Top of DATA EXTRACT
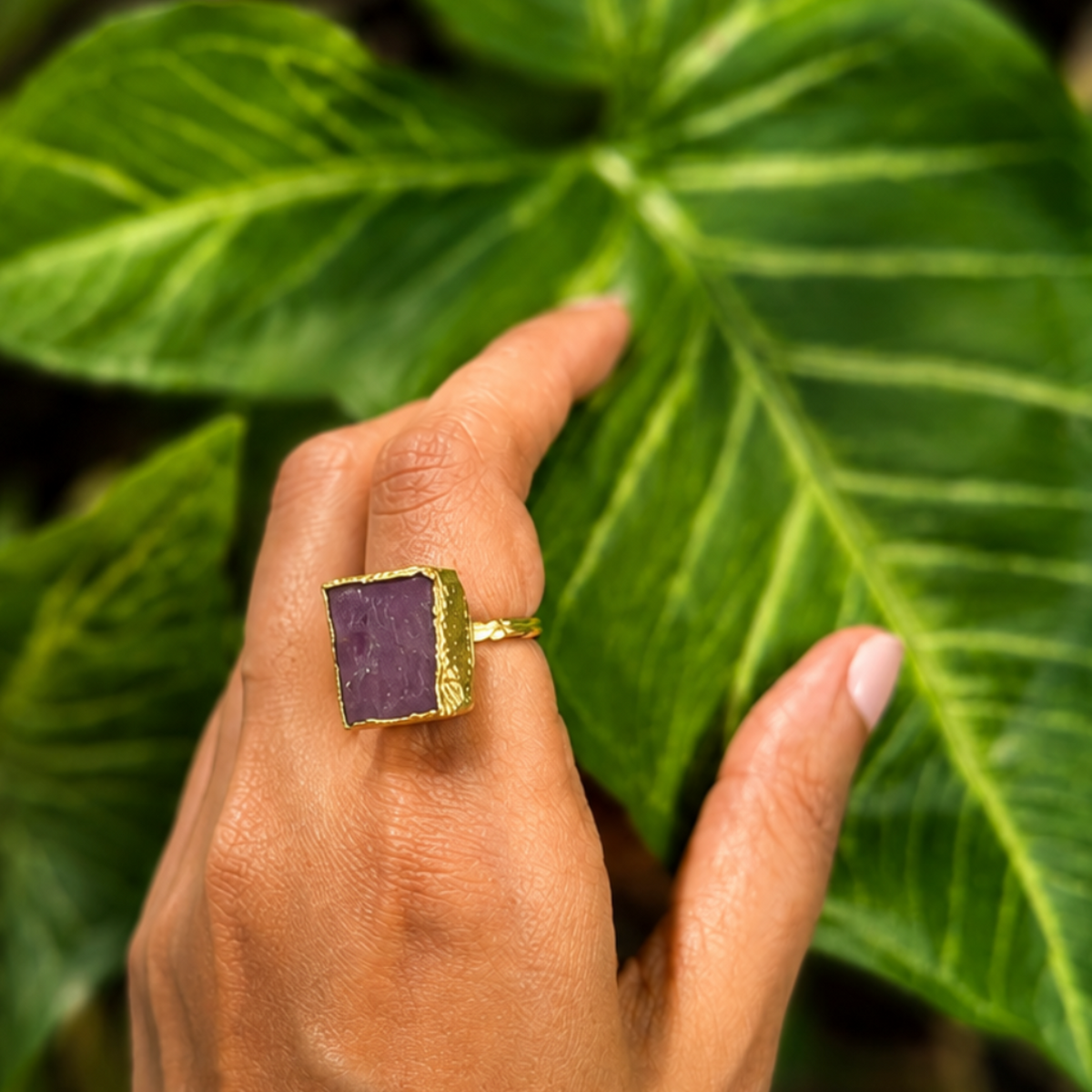 a lil extra stone ring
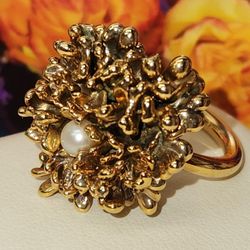 #2396, ARTISAN GENUINE PEARL RING Sz6, GOLD PLATED. 
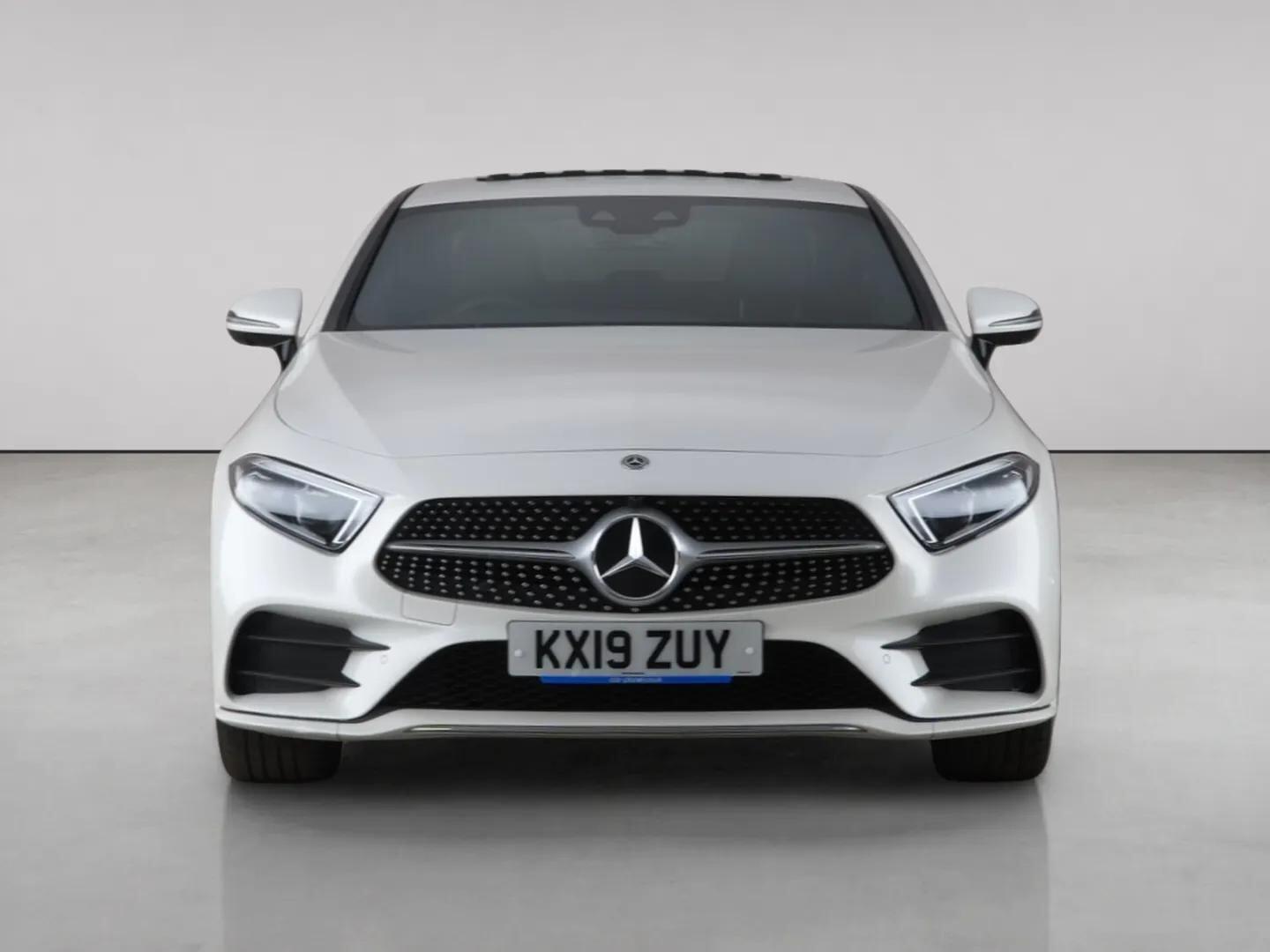 Mercedes-Benz CLS view 5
Bottom of DATA EXTRACT
• TASK REQUIREMENTS: Please reproduce the data above word for word, skipping all images.

• PROBLEM SOLUTION:
 a lil extra stone ring
 #2396, ARTISAN GENUINE PEARL RING Sz6, GOLD PLATED. 
 Mercedes-Benz CLS view 5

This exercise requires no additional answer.